Celio, L., Bonizzoni, E., De Braud, F., Agustoni, F., & Aapro, M. (2016). Should clinicians always administer dexamethasone beyond 24 h after chemotherapy to control delayed nausea and vomiting caused by moderately emetogenic regimens? Insight from the re-evaluation of two randomized studies. Supportive Care in Cancer, 24, 1025–1034.

To determine the effectiveness of dexamethasone against delayed chemotherapy-induced nausea and vomiting (CINV) in patients receiving moderately emetogenic chemotherapy (MEC) or anthracycline plus cyclophosphamide (AC)

This reanalysis consisted of of two cohorts of chemotherapy-naïve patients who were included in two phase 3, randomized, controlled trails investigating a dexamethasone-sparing regimen. Participants were randomized to receive palonosetron (0.25 mg IV) plus dexamethasone (8 mg IV) on day 1 of chemotherapy or the same regimen followed by oral dexamethasone on days 2 and 3 in the MEC and AC regimens. Patients were divided according to the effectiveness of prophylaxis against acute CINV as either high- (experienced neither vomiting nor moderate-to-severe nausea) or low-risk (experienced vomiting or moderate to severe CINV).

• N = 624 (237 received MEC and 380 received AC)  
• MEDIAN AGE RANGE = 50–60 years
• MALES: 50.4%, 45.5%, FEMALES: 49.6%, 54.5%
• KEY DISEASE CHARACTERISTICS: Various primary cancers; breast (380); solid tumors, colorectal, and lung most common
• OTHER KEY SAMPLE CHARACTERISTICS: Chemotherapy-naïve patients who were included in two randomized clinical studies investigating a dexamethasone-sparing regimen; received either MEC for a solid tumor or AC-containing chemotherapy for breast cancer

• SITE: Multi-site    
• SETTING TYPE: Outpatient

• PHASE OF CARE: Active antitumor treatment

Secondary analysis of two phase 3, randomized, controlled trials

• Patients used a daily diary for five days. Nausea was assessed using a Visual Analog Scale (VAS) or verbal category scale (no nausea; mild = did not interfere with normal daily life; moderate = interfered with normal daily life; and severe = required the patient to be bedridden).
• The primary efficacy endpoint was the proportion of patients with protection against both vomiting and moderate-to-severe nausea.
• The secondary endpoints were protection against delayed vomiting, protection against delayed moderate-to-severe nausea, duration of delayed symptoms (i.e., number of delayed days phase when patients experienced either vomiting or nausea), and maximum severity of delayed nausea (two or more out of the four days was considered severe). The patient’s satisfaction with antiemetic coverage was assessed on day 6 by a satisfaction VAS (a 100 mm line marked “not at all satisfied” at the left-hand end and “totally satisfied” at the right-hand end). 

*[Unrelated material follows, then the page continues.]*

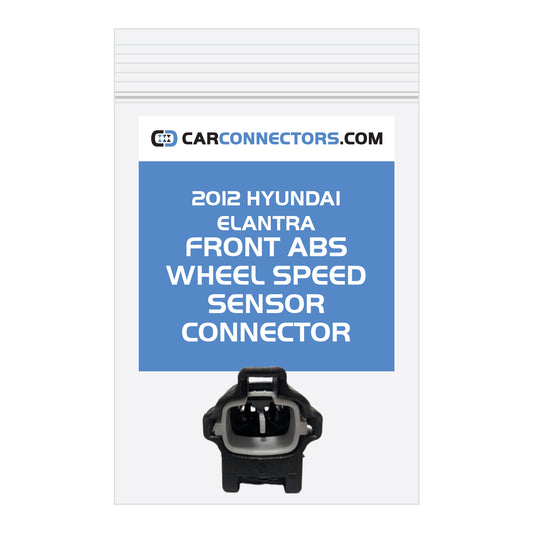 Front ABS Wheel Speed Sensor Connector for 2012 Hyundai Elantra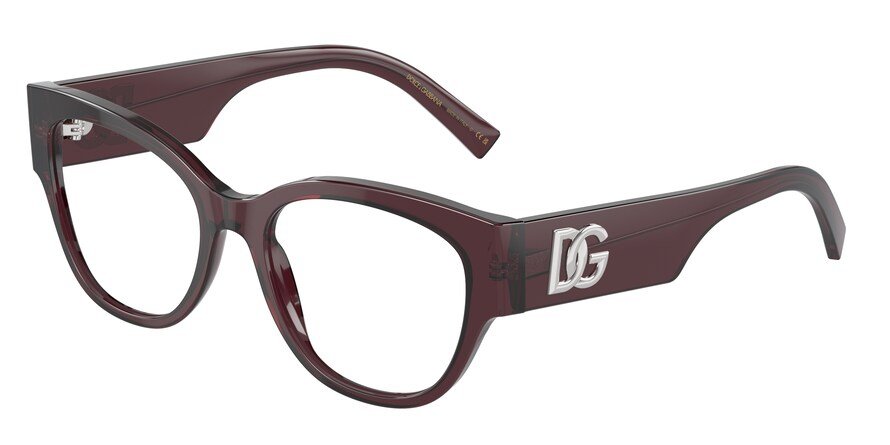 OKULARY KOREKCYJNE DOLCE & GABBANA DG 3377 3045 53 ROZMIAR M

• Low-risk patients who received MEC: There were no statistically significant differences between the one-day and three-day regimens.  
• Low-risk patients who received AC: The one-day regimen was significantly less effective than the three-day regimen.
• High-risk patients who received AC: The one-day regimen experienced less control than the three-day regimen (statistically significant for no full protection against chronic CINV and moderate-to-severe nausea alone). This improvement was of greater magnitude. Additional dexamethasone doses improved the protection rates against moderate-to-severe nausea on days 2 (p = 0.083), 3 (p = 0.003), and 4 (p = 0.024) postchemotherapy.
• There were no significant differences in the duration of delayed vomiting or nausea in patients receiving MEC who were at a high or low risk. 
• Acute vomiting was an independent predictor for delayed vomiting (p = 0.045), and acute moderate-to-severe nausea independently predicted delayed nausea (p = 0.0007).

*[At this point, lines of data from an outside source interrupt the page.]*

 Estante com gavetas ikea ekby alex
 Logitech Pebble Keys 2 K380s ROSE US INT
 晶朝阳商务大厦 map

The dexamethasone-sparing regimen (three-day) achieved excellent control of delayed symptoms in patients with no acute CINV and for low-risk patients receiving AC, but it was less effective in patients receiving HEC. Additional dexamethasone doses could be offered selectively.

• Baseline sample/group differences of import
• Risk of bias (no blinding)
• Risk of bias (no random assignment)
• Measurement validity/reliability questionable
• Findings not generalizable
• Other limitations/explanation:  

Patients receiving AC regimens are at an increased risk of experiencing delayed CINV. Some patients might not benefit from a dexamethasone-sparing antiemetic regimen. In this study, the reduction of dexamethasone was less effective for patients at a high risk. Extending the use of dexamethasone could produce adverse effects, so selective dexamethasone prescriptions should be individualized.